‘Where are you??’ friends eagerly enquired after I posted pictures of Gouqi on my Wechat* Moments (see below). Pristine beaches, the sky and sea dressed in shades of blue to rival the Mediterranean. Surely this was not China, or anywhere near Shanghai where murky brown waters permanently surround the coast, often smothered by the persistence of the grey haze of polluted air. The closest beach to Hangzhou is in Ningbo, one hour South by bullet train, but reports from those who’ve seen it are far from glowing: turbid waters; grimy, dirty beaches – not exactly the kind of place to while away a lazy afternoon..
(*For those not in China and therefore unfamiliar with Wechat … it is the Chinese version of WhatsApp, only a little more versatile and much easier to use than Facebook in China. No need for a VPN to let friends and family know your whereabouts….)

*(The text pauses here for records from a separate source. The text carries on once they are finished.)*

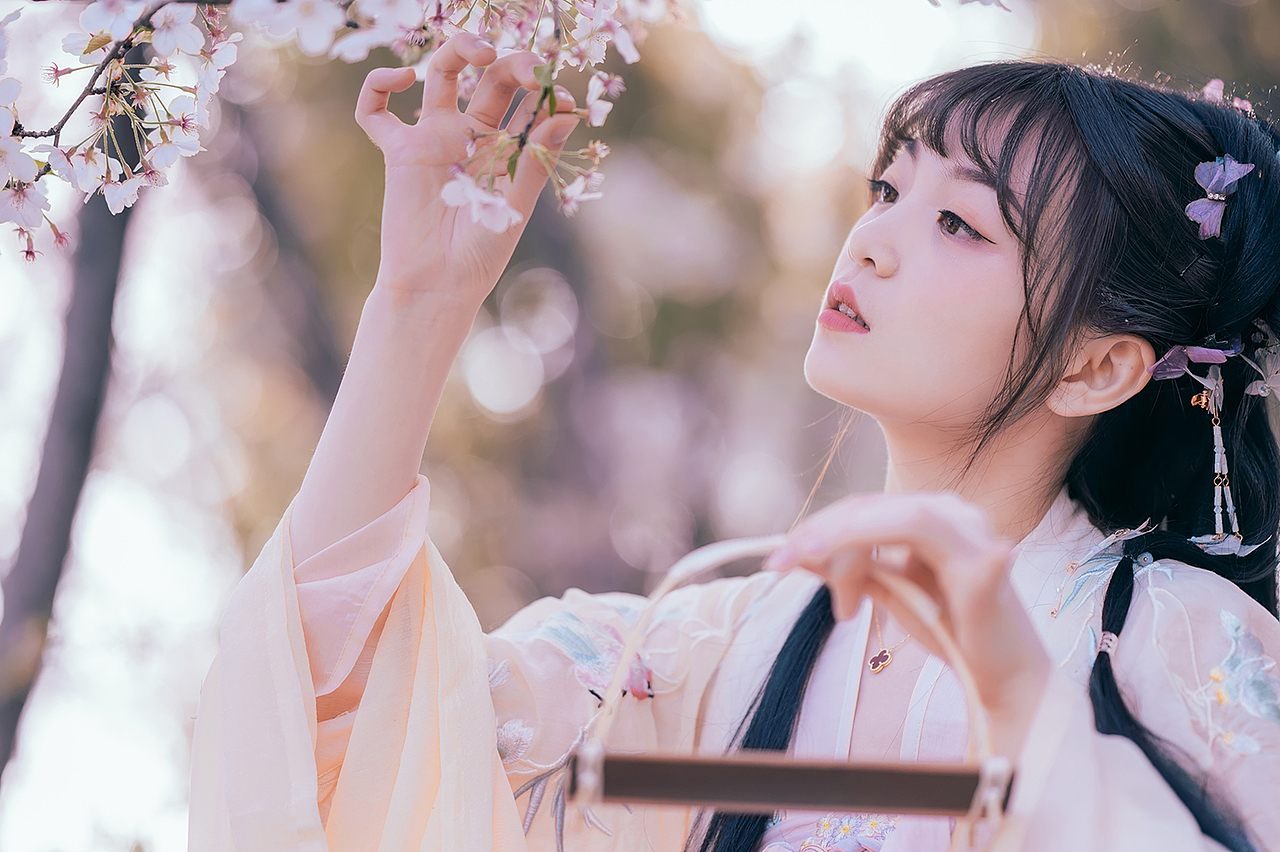 樱花落（图ZMjA0MzMxNjky） - 人像摄影 - 站酷设计师拍照的青山原创素材 - 站酷ZCOOL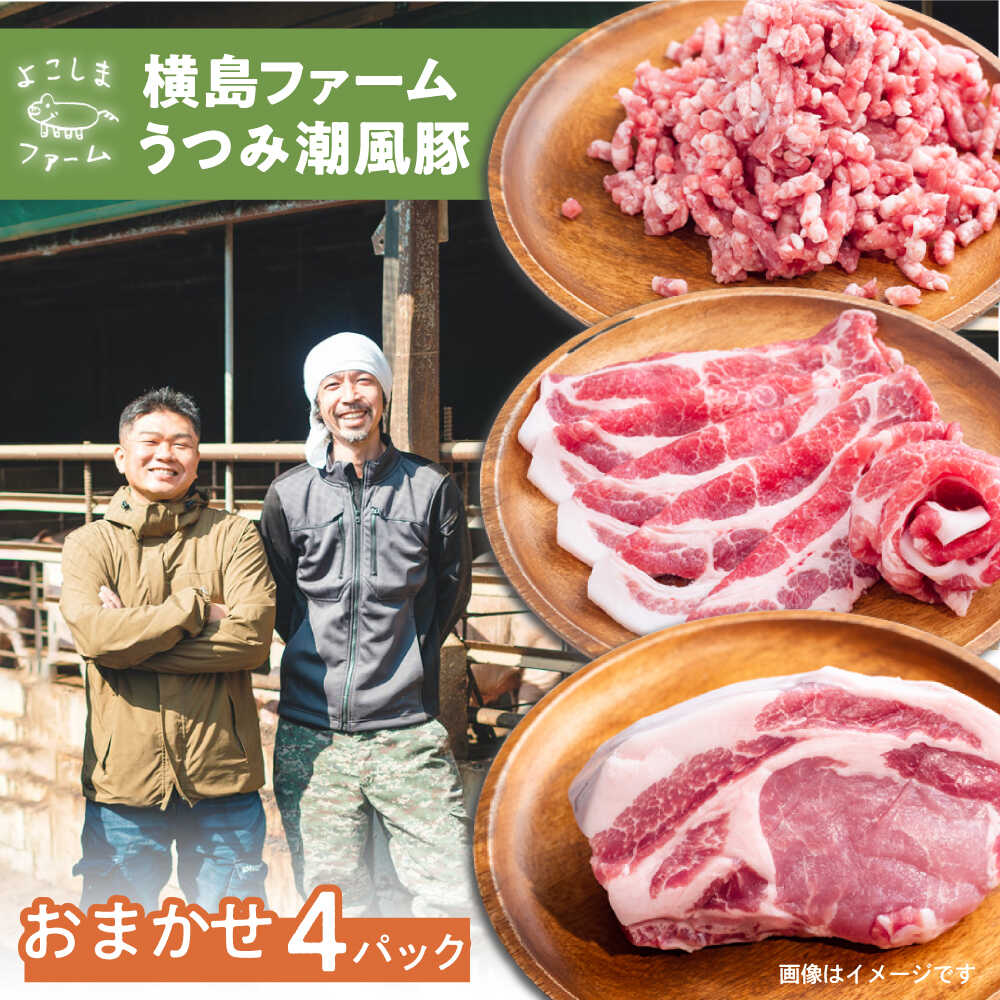 【ふるさと納税】豚肉 うつみ潮風豚 精肉おまかせ4パックセット（1P/180g〜280g） 豚肉 スライス 肉 お肉 にく 食品 国産 人気 おすすめ広島県福山市/株式会社横島ファーム[BABT002]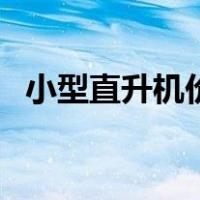 小型直升机价格及图片（小型直升机价格）
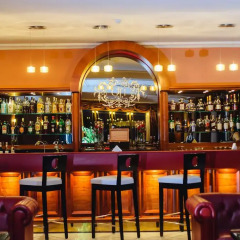 Georgia Palace Hotel & SPA гостиничный бар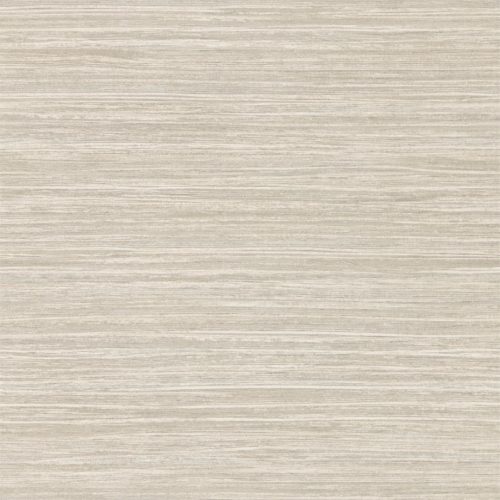 Oralia 111438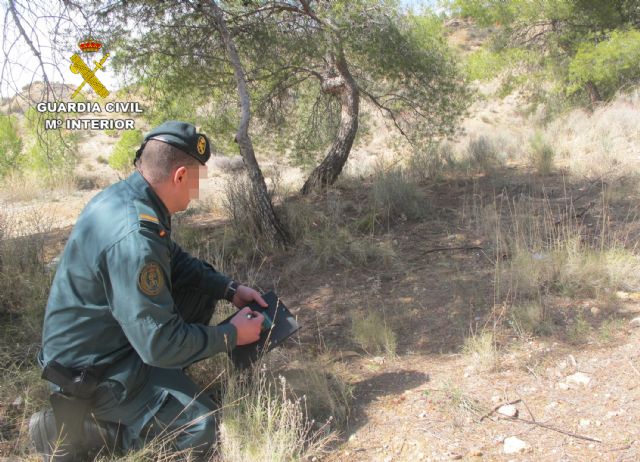 La Guardia Civil investiga a tres cazadores por disparar a un perro en Caravaca de la Cruz - 2, Foto 2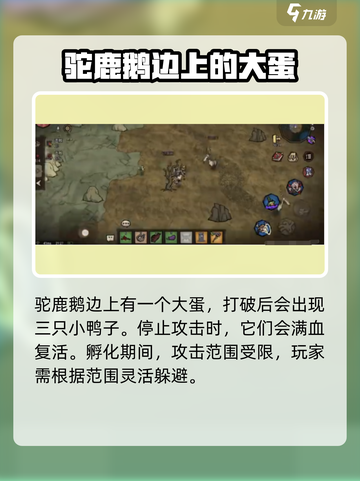 饥荒新家园🔥驼鹿鹅在哪？打法攻略⚡截图3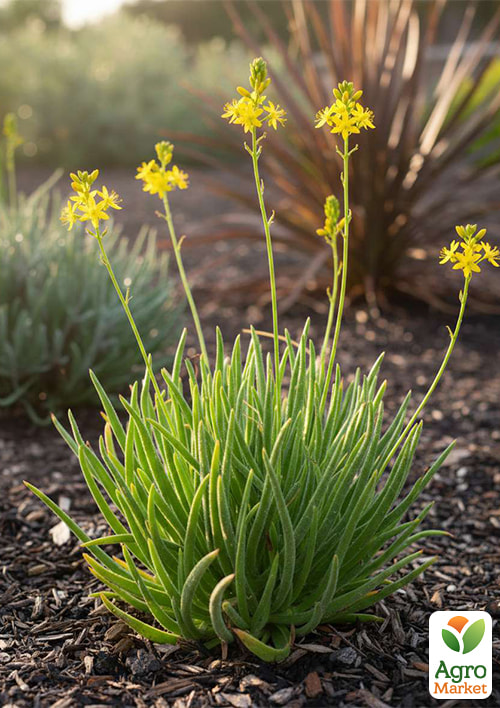 

Медикус (декоративное и лекарственное растение )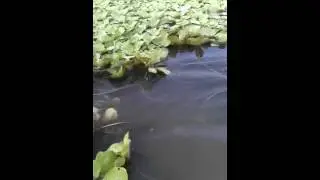 Planta aqu&aacute;tica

I was on a trip to an ‘abandoned island’, or so the blurb on Travelers Society’s website led me to believe, somewhere to the east of Shanghai. We were heading for the Shengsi Islands, a scenic area, consisting of hundreds of islands outlying the Hangzhou Bay and boasting multiple quality beaches, rocks, and cliffs.
It was definitely an island, only to be reached after a four hour boat trip from Shanghai’s port, but abandoned was best taken with a pinch of salt. As we were making the most of one of China’s few extended ‘holidays’ at the beginning of May (a three-day weekend courtesy of Labour Day on 1st May), long lines of Chinese tourists besieged the ticket booths… We were not the only ones visiting this gem.

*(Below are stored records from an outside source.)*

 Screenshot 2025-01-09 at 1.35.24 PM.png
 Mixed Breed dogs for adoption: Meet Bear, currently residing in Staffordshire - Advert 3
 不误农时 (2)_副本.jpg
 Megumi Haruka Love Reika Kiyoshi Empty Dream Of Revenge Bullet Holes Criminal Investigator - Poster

Far from abandoned, Gouqi island clearly was very much alive with people whose livelihood depended on the sea. Endless lengths of fishing nets trailed along the narrow coastal road, its verges littered with skeletons of perished fishing boats and other discarded paraphernalia. Whilst thoughtless drivers careered around sharp bends, women and men – too old to be out on the sea – braved the unrelenting sun to mend the nets, ready to be set out into the sea at night for the morning’s haul. Suspended from polystyrene buoys, the nets crisscrossed large squares in the coastal waters and, come early morning, smaller fishing boats took to the sea to pull in the catch.

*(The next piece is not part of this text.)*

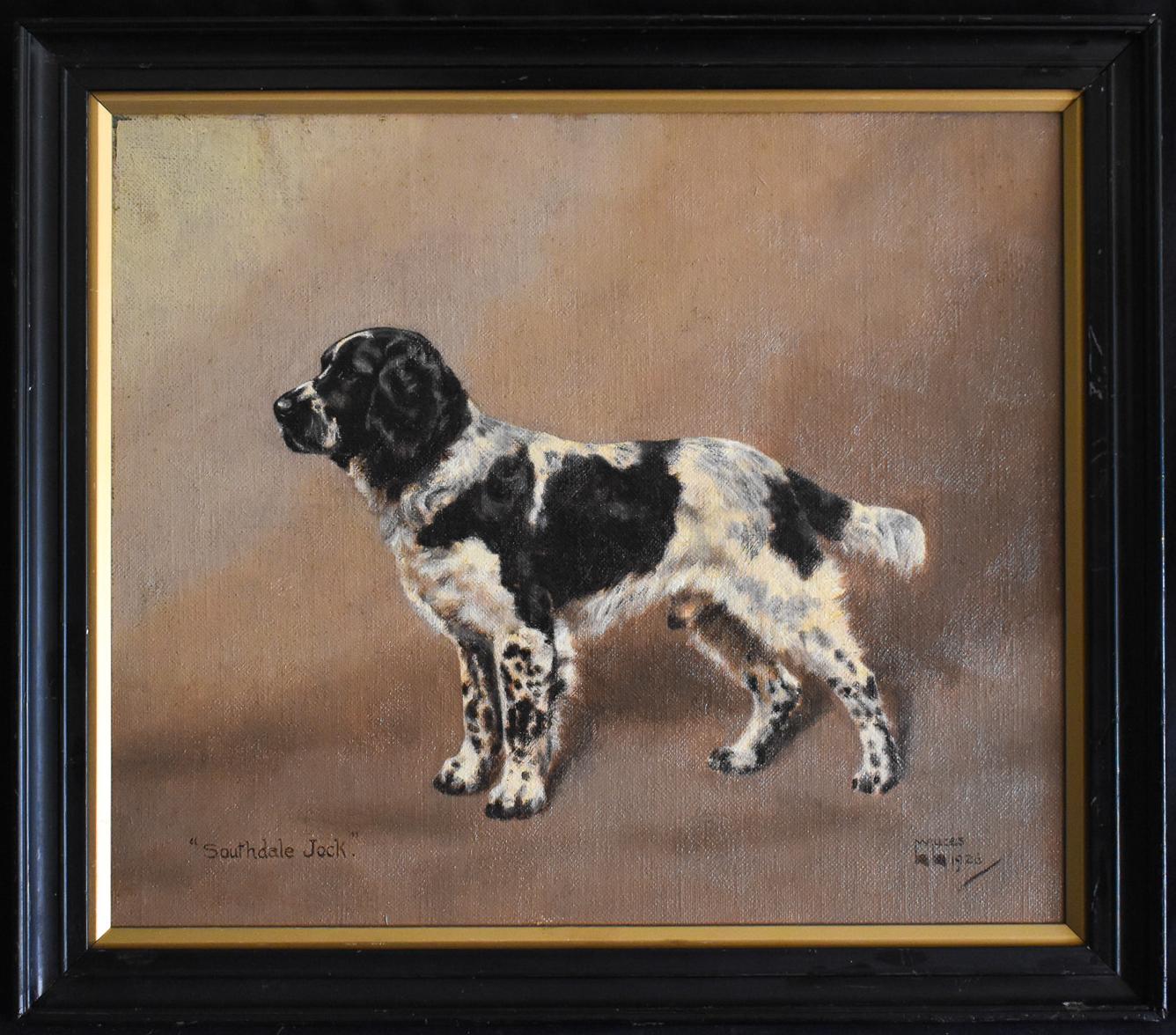 Southdale Jock", che si pensa sia uno springer spaniel di campagna o inglese.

On Gouqi, seafood is the staple diet and the giant mussel a speciality. Whilst fresh fish is eaten in abundance, the rest is dried in the sun on huge racks along the quayside. Even the local snacks are fish-based: anyone for battered and deep-fried fish backbones??? I tried them – well, only one – after a shopkeeper insisted on handing some to us. Too crunchy for my liking and not sure about the nutritional value, I discreetly let them slide into a dustbin, out of sight.
We did eventually find the ‘abandoned’ part of the trip on the neighbouring island Shengshan: Houtouwan, a small fishing village nestled in the lap of the rugged hills with the sea at its feet. Only established in the 1950s, but hemmed in on all sides and with no room for expansion, the village soon outgrew its inhabitants as the fishing industry expanded rapidly in the 1990s. The now wealthier villagers left in droves and the village was eventually relocated in 2002 to a more desirable and accessible area, leaving the original village to the forces of nature. The village history at the entrance of the ‘tourist attraction’ did not chronicle how it became a magnet for visitors, but as vines and ivy invaded the deserted, crumbling stone walls and steps, and creepers weaved through doors and windows, the village became like a ghost town, eerie and spooky, coming alive with the change of the seasons and the whims of the weather. We were there in the midst of spring, on a warm, sunny morning, the greenery not yet fully showing its lushest.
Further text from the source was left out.